La suite était assurée par le blues de John Butler Trio, qui a fini par laisser sa place sur la scène Zanzibar à Jungle. Le collectif britannique déçoit rarement en live, et cette sortie au Cabaret Vert en est une nouvelle confirmation. Un show qui fonctionne par duo : deux voix perchées, deux choristes soul habités et deux percussionnistes déchainés accompagnant un bassiste. La pelouse de Zanzibar se change en piste nu-disco le temps de cette performance, la plus fraiche du festival. Une longue suite de tubes pop qui s’avalent avec autant de douceur et de gourmandise qu’un smoothie bio, avant de finir épiques sur “Busy Earnin’” et “Time”, deux morceaux qui ne laissent pas le public indifférent.

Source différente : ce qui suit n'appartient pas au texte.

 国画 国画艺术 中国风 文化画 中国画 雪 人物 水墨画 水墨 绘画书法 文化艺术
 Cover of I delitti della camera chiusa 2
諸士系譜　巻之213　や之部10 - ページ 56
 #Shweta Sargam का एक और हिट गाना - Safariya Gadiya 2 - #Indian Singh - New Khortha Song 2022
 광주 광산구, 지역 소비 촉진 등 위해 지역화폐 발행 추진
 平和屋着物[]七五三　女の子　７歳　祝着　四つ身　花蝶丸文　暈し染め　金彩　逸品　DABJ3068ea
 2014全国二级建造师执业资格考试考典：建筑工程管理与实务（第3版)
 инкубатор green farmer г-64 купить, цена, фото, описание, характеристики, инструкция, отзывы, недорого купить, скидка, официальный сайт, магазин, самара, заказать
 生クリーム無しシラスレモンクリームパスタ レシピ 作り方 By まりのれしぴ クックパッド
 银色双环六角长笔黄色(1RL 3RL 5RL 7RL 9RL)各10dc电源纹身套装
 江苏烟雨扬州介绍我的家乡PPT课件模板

Après un show intriguant d’Algiers, Rone termine notre virée Ardennaise sur la scène des Illuminations. Une scène qui n’a jamais aussi bien porté son nom, tellement l’effort visuel et scénographique de l’artiste a ravi tous nos sens. On ne demandait pas mieux pour finir en beauté. Pendant toute la durée du Cabaret Vert, les innombrables déchets collectés ont été transportés dans un centre de tri sur le site même du festival. Parmi eux notamment, tous les gobelets en plastiques seront recyclés. Les participants peuvent repartir à la fois comblés et la conscience tranquille.